Taken together, both studies underscore the fact that we can't pin blame for zoonotic diseases on any one animal — and that perhaps we humans have more responsibility for these diseases making the leap from animal to us than we might like to admit.

Abstract: The notion that certain animal groups disproportionately maintain and transmit viruses to humans due to broad-scale differences in ecology, life history, and physiology currently influences global health surveillance and research in disease ecology, virology, and immunology. To directly test whether such “special reservoirs” of zoonoses exist, we used literature searches to construct the largest existing dataset of virus–reservoir relationships, consisting of the avian and mammalian reservoir hosts of 415 RNA and DNA viruses along with their histories of human infection.
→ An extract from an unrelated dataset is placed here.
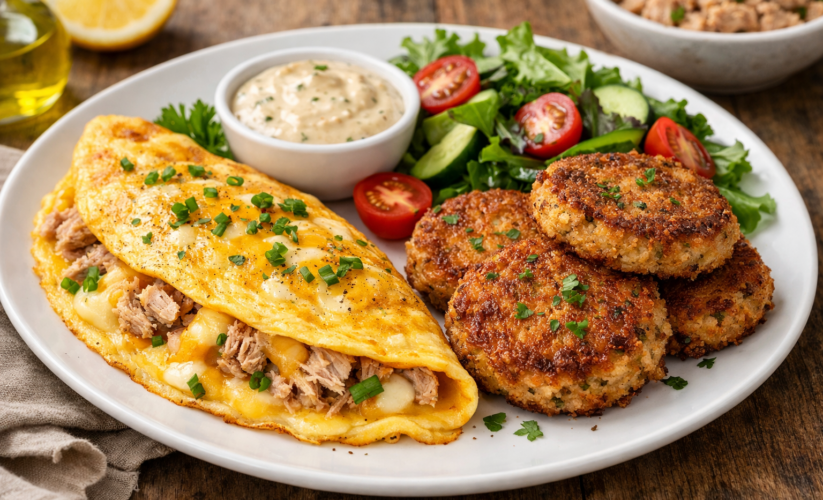 Two Easy Tuna Recipes: Cheesy Tuna Omelette & Crispy Tuna Patties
Reservoir host effects on the propensity of viruses to have been reported as infecting humans were rare and when present were restricted to one or two viral families. The data instead support a largely host-neutral explanation for the distribution of human-infecting viruses across the animal orders studied. After controlling for higher baseline viral richness in mammals versus birds, the observed number of zoonoses per animal order increased as a function of their species richness. Animal orders of established importance as zoonotic reservoirs including bats and rodents were unexceptional, maintaining numbers of zoonoses that closely matched expectations for mammalian groups of their size. Our findings show that variation in the frequency of zoonoses among animal orders can be explained without invoking special ecological or immunological relationships between hosts and viruses, pointing to a need to reconsider current approaches aimed at finding and predicting novel zoonoses.